These unknowns led the researchers to examine a basic physical driver of circulation that has changed over Earth's history: planetary rotation. Rotation controls the Coriolis effect, which shapes how water and air move across the planet.
"Rotation helps determine the direction and strength of circulation in the ocean and atmosphere because it sets the Coriolis force," Capirala said. "Earth's rotation has gradually slowed down over billions of years and once could have spun almost 4x as fast as it does today."
Because ocean circulation plays such a central role in transporting nutrients and oxygen, the team asked whether changes in rotation alone could have altered the ocean's ability to support life. Given how difficult it is to reconstruct ancient circulation patterns directly, Capirala said focusing on rotation offered a new way forward. "Understanding rotation's influence could give us clues about how the distribution of oxygen and nutrients has varied over time, affecting life and evolution on Earth and beyond," she said.

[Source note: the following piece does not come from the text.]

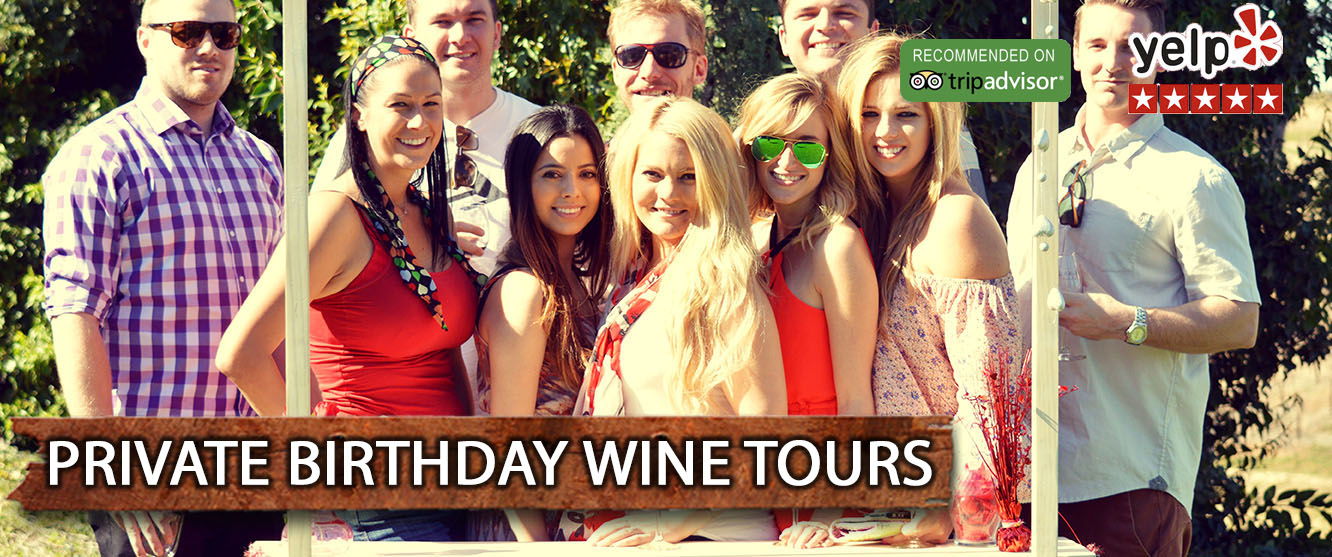 birthday-wine-tour-falkner.jpg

To test this idea, Capirala ran simulations using an Earth system model capable of resolving three-dimensional ocean circulation. She refined the study's concept and methodology, conducted the simulations and analysis, and wrote the manuscript. Olson conceived the original study and methods and provided supervision, resources and manuscript editing.
"We ran simulations with an Earth system model that does 3D ocean circulation and tracks the distributions of nutrients and oxygen," Capirala said. "We found that slowing down Earth's rotational speed from double what it is today, down to half, improved the global ocean circulation."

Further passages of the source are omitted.